We will be at Griggs this coming Wednsday . It is the last chance to get in and fish enough tourny's to qualify for the classic . We will be blasting off at 6:00 or just before and will probably fish until 9:15 - 9:30 depending on the weather . I have rafle tickets for the ATV drawing still and even if you are not fishing with Midwest , feel free to buy some if you would like .


----------



## BuckeyeAngler17 (May 18, 2004)

How can you Qualify for the midwest sportsman classic.


----------



## GREENFISH77 (Apr 7, 2004)

In order to qualify for the classic you must fish 8 of our 12 tourneys. Unfortunately there's only 8 left. Only the top teams in points can advance to this event. However, only your best 8 scores count. So there is plenty of oppurtunity to make it. This event will be at Kentucky Lake and Lake Barkley. We would love to have a few more teams join us to finish the season. Feel free to ask us any questions!


----------



## Phil Carver (Apr 5, 2004)

We had a good weigh in for the water conditions tonight . As soon as weigh in was wrapped up , the sky cut loose . Here are the results .
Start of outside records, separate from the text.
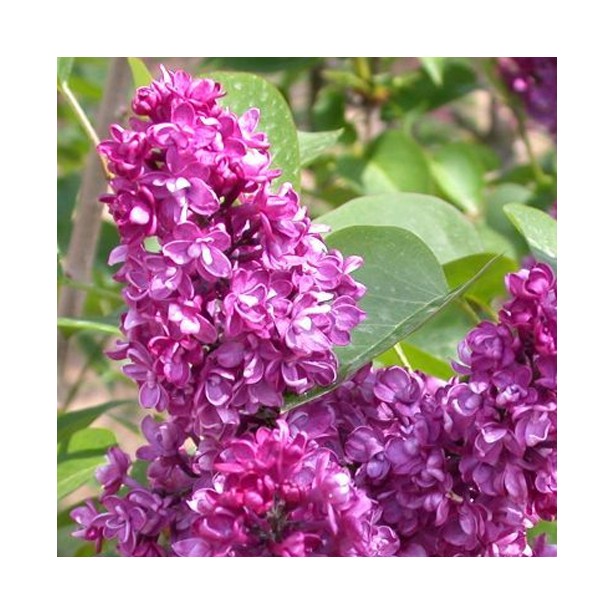 Syringa vulgaris charles joly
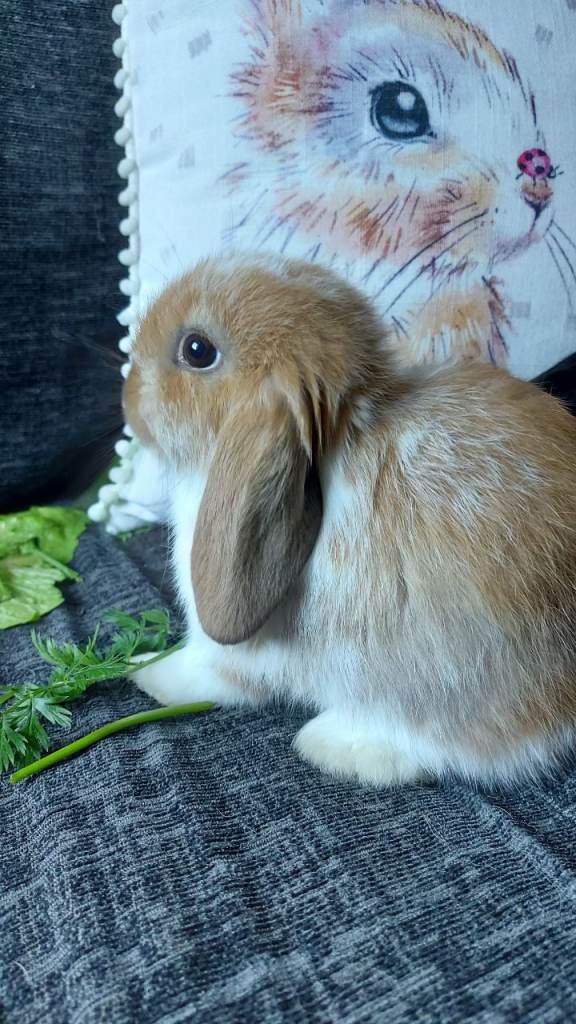 Baby Mini Lop Rabbits
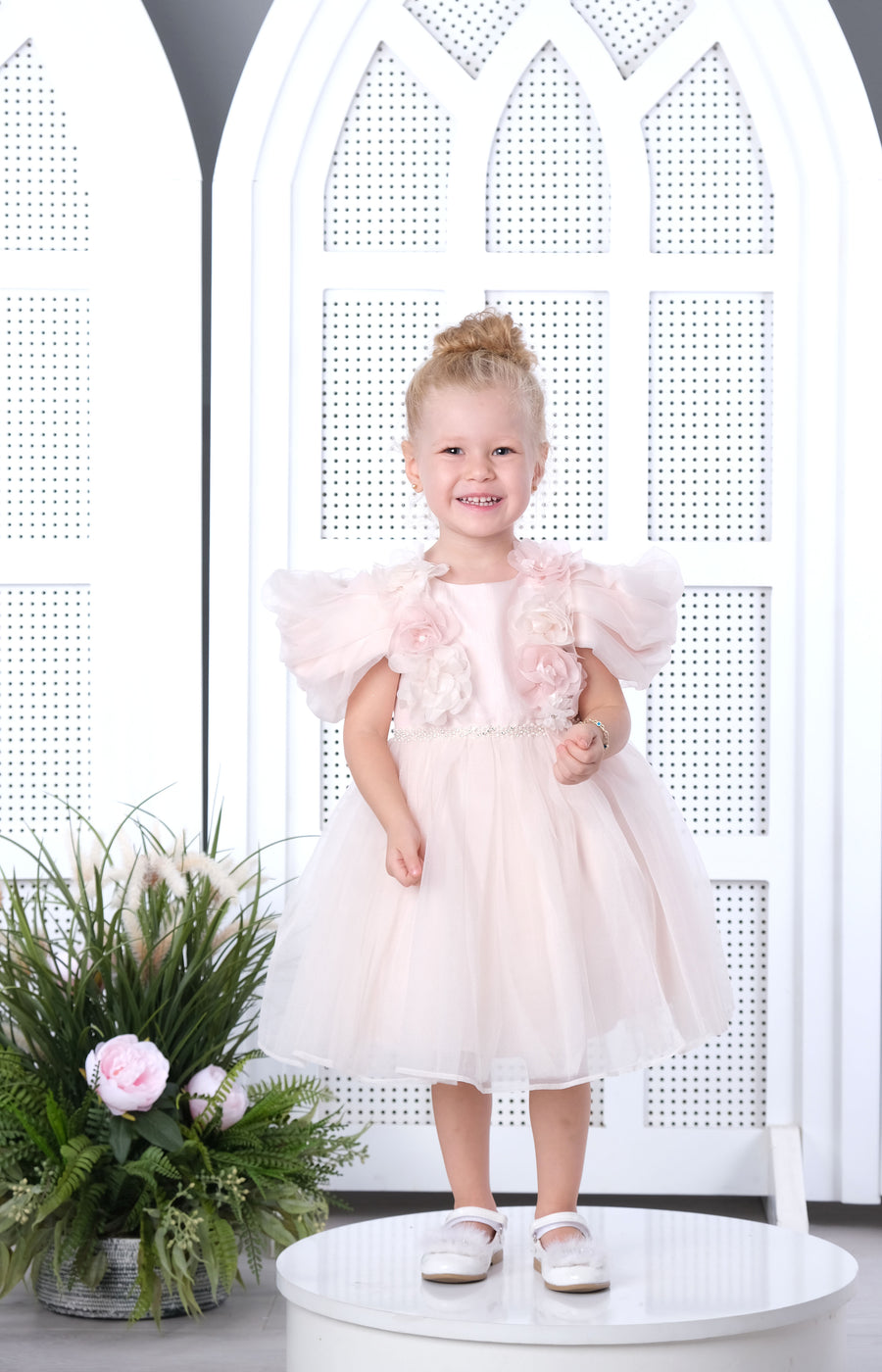 Flower Girls Dress baby Pink 3156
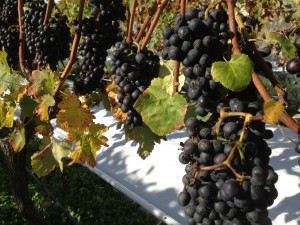 Milcrest Dolcetto Bunches 2013 vintage.JPG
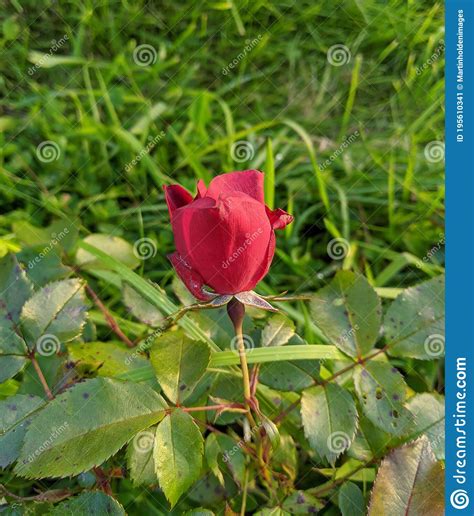 Small Red Rose Stock Image Image Of Roses Leaves Buds 195610341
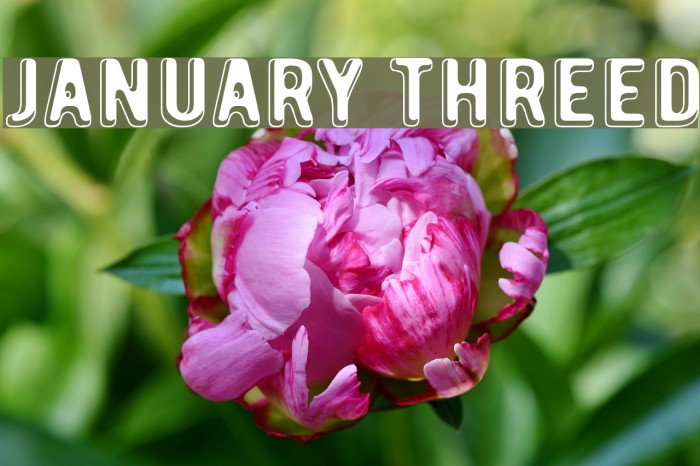 January Threed Font examples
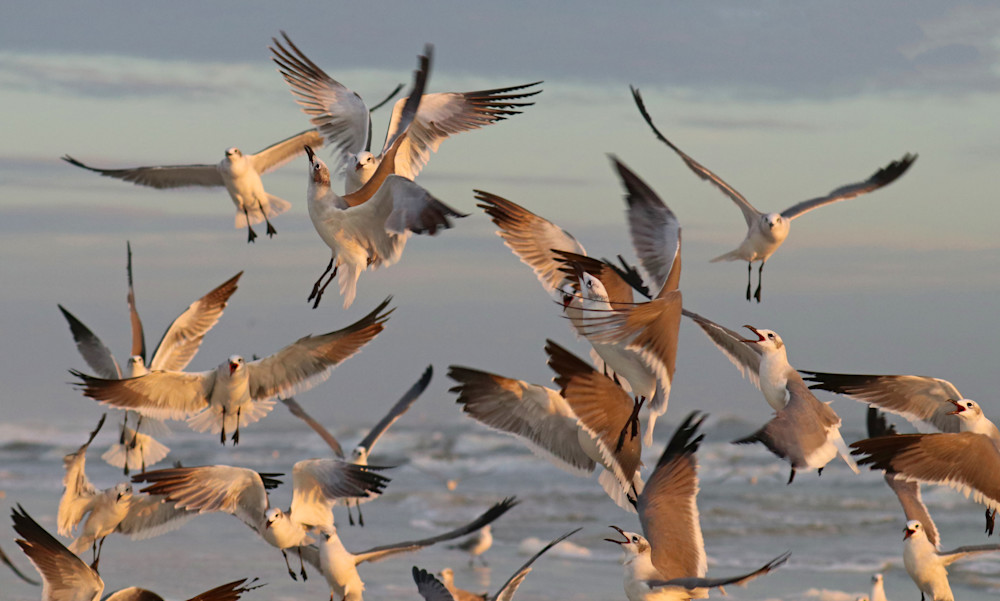Sunrise Flock  Photography Art | Shelley Lynch Photography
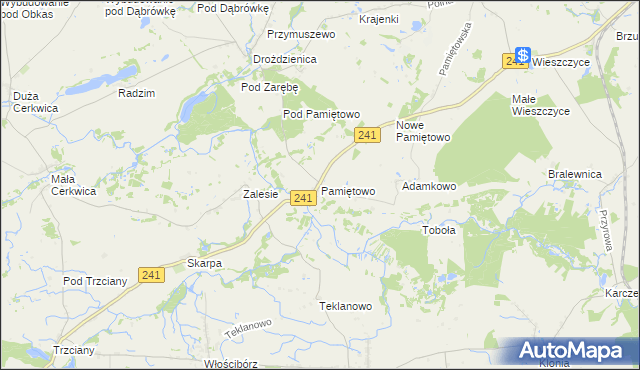 mapa Pamiętowo, Pamiętowo na mapie Targeo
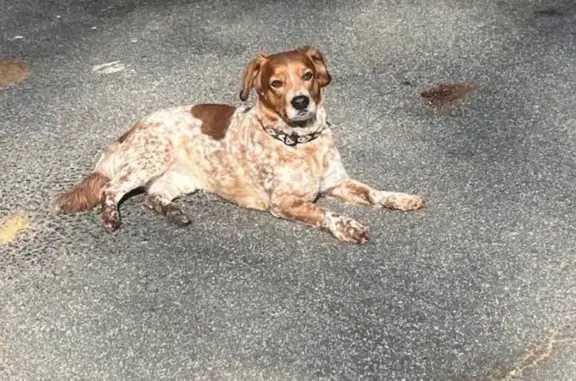 Lost Dog Alert: Rusty on the Loose!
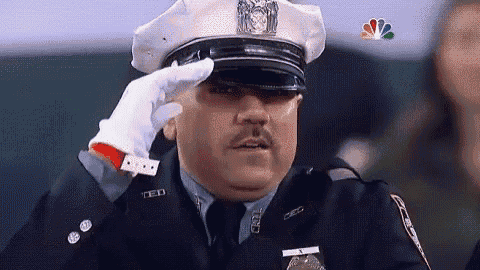 Image result for salute gifs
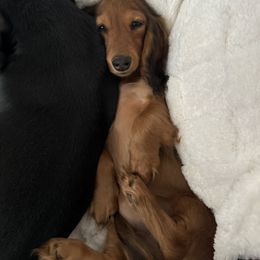 Dachshund Puppies from Little Legs Miniature Dachshunds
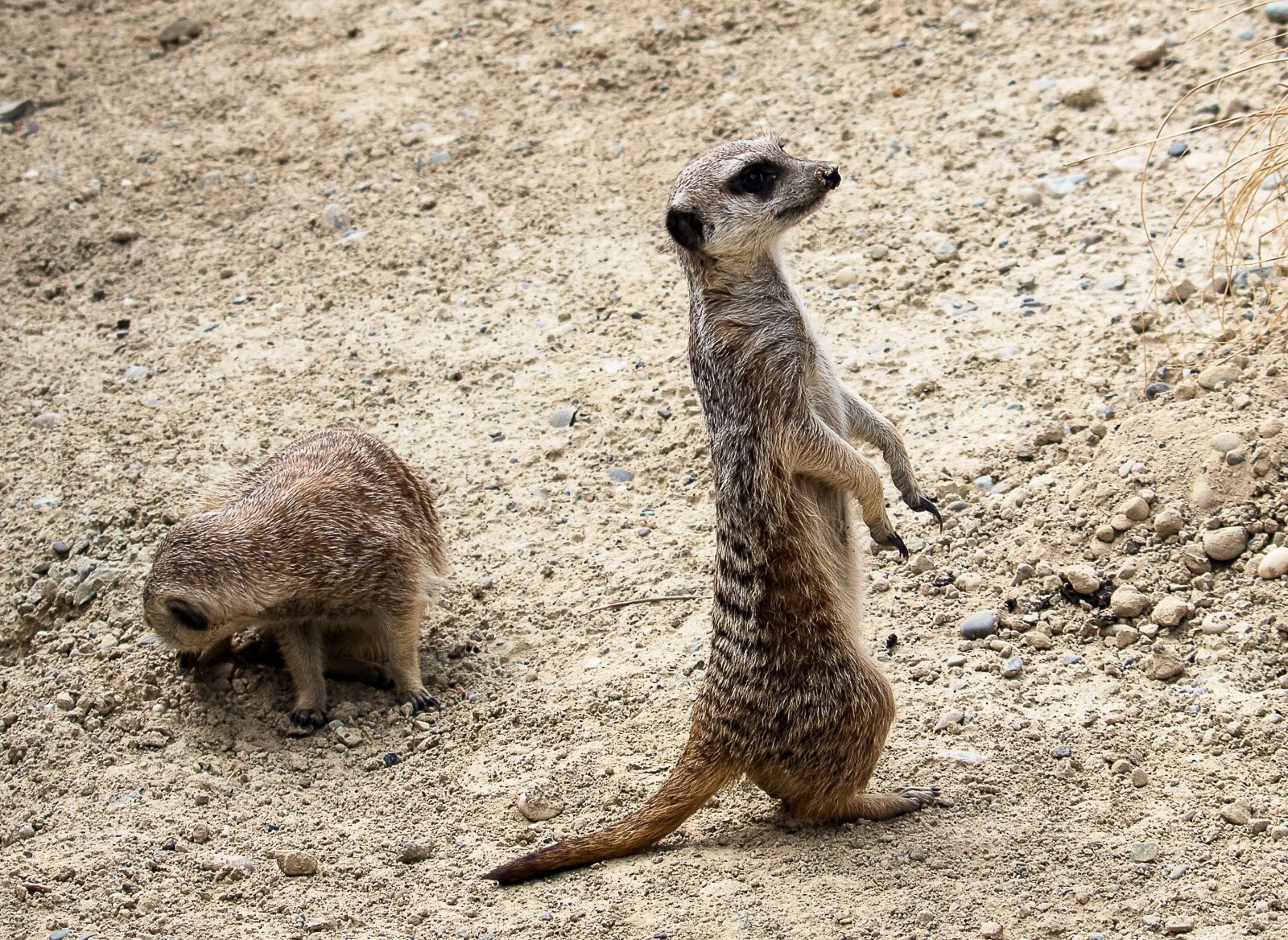 Canon EF-S 55-250mm F4-5.6 IS STM sample photo. Meerkat, animal, mammal photography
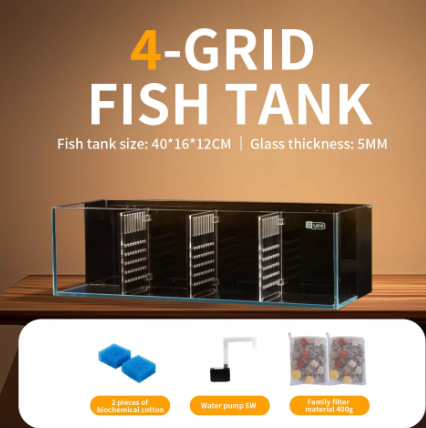Betta Display System Ultra Clear Multi-Grid Betta Aquarium – Premium Isolation Fish Tank wi ...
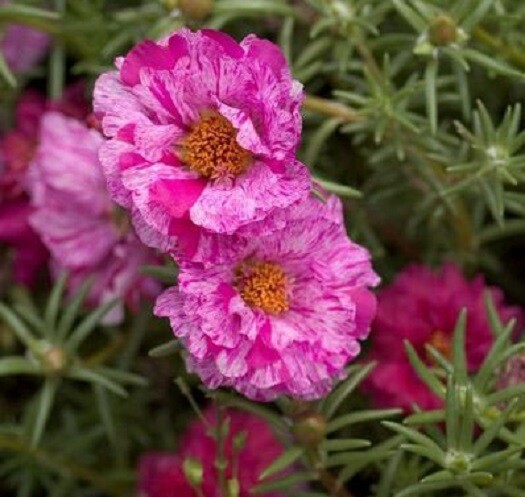 MPB#12 Portulaca Seeds Portulaca Logro Rose Ripple 50 Multi pelleted Seeds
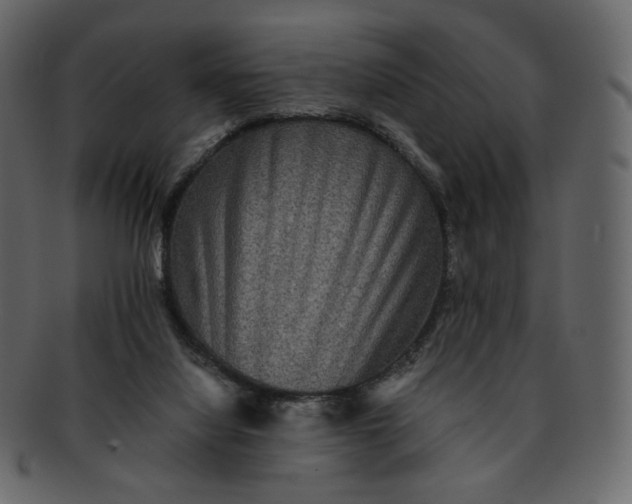 X0000092290068200710051209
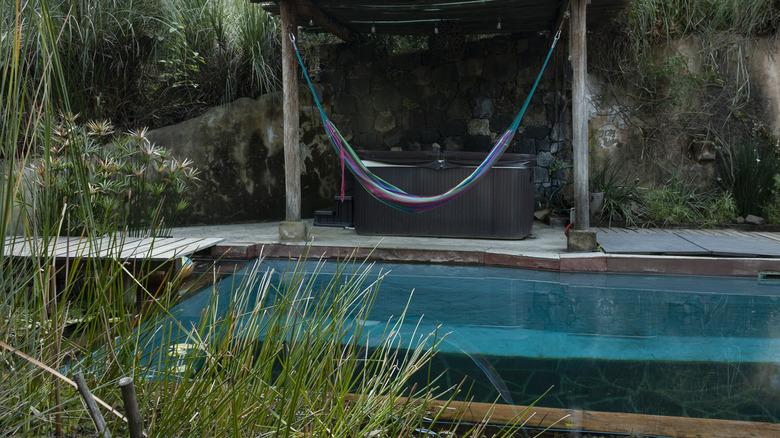 small pool with plants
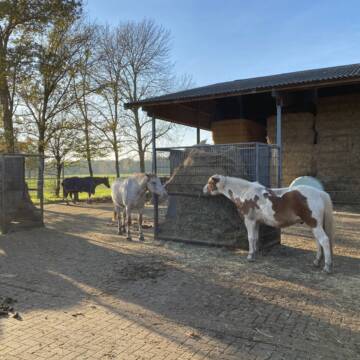 Bild: Stall in  Elten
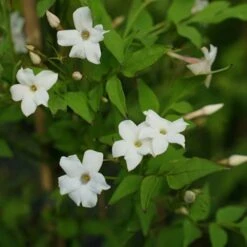 Jasmin Officinal 'affine' - Jasminum Officinalis 3l -Terre et Verdure 641db2f9f119f9.71093861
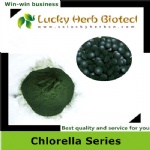 Chlorella Powder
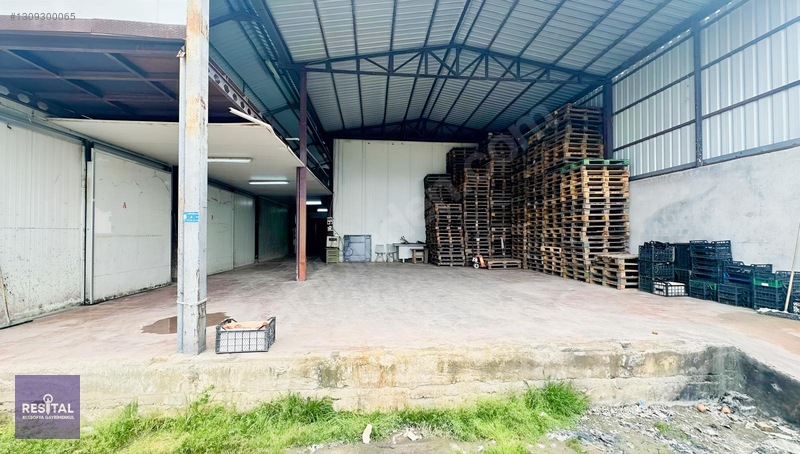 Gürsu Ağaköy Kiralık 600m2 Soğuk Depo Buzhane — fotoğraf 4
1st -- Le Valley / Shaheen -- 3 fish at 4.13# also BB of 1.73# (Time to retire the Triton  )
2nd -- Carver / Jackson -- 3fish at 3.67#
3rd -- De Francisco / Johnson -- 3 fish at 3.54#
4th -- Vance / Vance -- 2 fish at 2.35#
5th -- Eichensehr / Huenke -- 2 fish at 1.99#

Good job guys !  i was very happy to see some fish come to the scales .


----------



## Phil Carver (Apr 5, 2004)

Year to date points after 5 events

Carver - Jackson --- 216 points
Ingram - Sherman --- 199 points
Vance - Vance --- 194 points
De Francisco - Johnson --- 184 points
Le Valley - Shaheen --- 177 points
Waring - Waring --- 160 points
Eichensehr - Heunke --- 120 points


----------



## Phil Carver (Apr 5, 2004)

If any-one would like a hat or shirt like the ones that I wear at the tourny's let me know . Hats are $10 and shirts are $25 if you would like your name on the shirt , it is an additional $5 .


----------



## BIGDAWG (Apr 17, 2004)

Phil, Put me down for a shirt, how long do they take to come in? Thanks in advance. You and Gabe fishing TNT this weekend?


----------



## Phil Carver (Apr 5, 2004)

Ya were fishing TNT at Delaware this Saturday if we can get to the lake .


----------



## Phil Carver (Apr 5, 2004)

Also , there is a guest book on the cental divisions web site . Feel free to use it to post your concerns or hook up with other Midwest members for a fishing trip .


----------